I managed to get away well at the start bearing
in mind there were 29 other cars on a quarter mile oval. By lap 10 I was
in the lead closely pursued by Peter Grimer, an acknowledged wet
weather expert. Soon he swept around the outside and started to pull
away. However I quickly realised that the outside line was slightly
dryer on the banked oval and slowly began closing up again, particularly
when Peter caught a gaggle of back markers. With 2 laps of the 30 to go
I made a move but Peter saw me and tried to edge me wide. I glanced the
safety fence but thankfully got away with it and took the lead with one
lap left. Needless to say, Fred Dinnage in the studio was moderately
impressed. The manoeuvre went on to get a replay in the sports
round up later in the day.
It was my late father
who took me to see me to a Bank Holiday meeting at Brands Hatch, who
introduced me to Motor Racing. My overwhelming impression of that day
was seeing Jim Clark two wheeling a Ford Cortina around
Clearways. Clark went on to drive a couple of other cars that day, but
the Saloons always stayed in my mind.
years I have been fortunate to drive over 50 different types of
cars, ranging from the small Mini to a huge Mercury Cougar. The Mazda
RX7, Honda Prelude and the current Escort WRC have been three of the
more successful examples but the best handling ?......that has got to be
Rob Cox's BDA engined, Caterham 7 based, "Black Brick"

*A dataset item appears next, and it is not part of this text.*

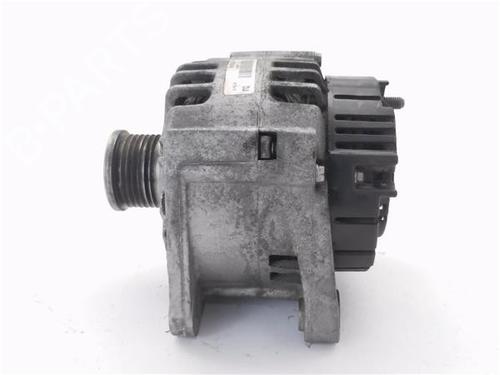 Alternator NISSAN PRIMASTAR Van (X83) 1.9 dCi 100 | BP29755046M7 
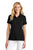 TravisMathew Ladies Oceanside Solid Polo- TM1WW001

The quickest car must be a Ford Sierra with a Porsche
956 engine. It was capable of over 180 mph on the old pit straight at
Zandvoort in Holland, this car also gave me a huge scare when it took
off over Deer Leap at Oulton Park.
|My biggest accident was rolling end over end at Epymt
in Wales on the Tour Of Britain in a Ford Capri. Some kind soul ha
removed a warning sign just before a blind brow. There was also a bone
jarring incident with a marker barrel at Northampton Stadium, which took
the best part of six months to heal. However the car was repaired for
the next day.
The mid 1980s to early 1990s saw some of
the wildest saloon cars roam the English circuits in Thundersaloons. I
was lucky enough to drive cars in both class A and class B, including
Ford Sierras, Ford Escorts, Mitsubishi Starion, Mazda RX7, Opel Manta,
Honda Prelude with such talented drivers as Andy Rouse, Dave Brodie,
John Brindley, Richard Piper, Mike Wilson and Jonathon Buncombe. It
really was an exciting time. During this period I also got to drive
various other cars ranging from Peter Bevan's fabulous Ford Anglia,
Sean Brown's Toyota Corolla and Ford Sierra, Frank Cundell's BMW M3,
John Harrison's Sunbeam Tiger and Chris Weedon's version, Tim Bowles'
Camaro and Nick Torregani's Mustang.
By 1995 most of the saloon classes were in
decline. Thundersaloons had been killed off, whilst Historic saloons
had so many rule changes no one knew what would be eligible from one
year to the next. Production saloons had also disappeared. My
enthusiasm had also gone.
It took an offer from Mark Burnside to
share one of his MGs at Lydden to kick start things again. There then
followed some successful forays into Europe, firstly with Frank
Cundell's Escort Cosworth, then with Dave Thomas's Ford Capri to
really get into top gear. By now the Honda was allowed into Formula
Saloons despite having to run with a restrictor. Julian Swayland had
also loaned me various Sierras until we got hold of the now familiar
Ford Escort WRC.
The rest,as they say, is recent history.
With on going development, courtesy of Joe Stevens, this has turned
out to be one of my most successful cars. The four wheel drive makes
it virtually unbeatable in the wet, although it is surprising how few
wet meetings it has raced in.
During my 40 or so years of racing I have
been lucky to attract sponsorship in various forms. Quite often it has
only been free product. However, when times are hard this is most
welcome as it means money can be spent on other items.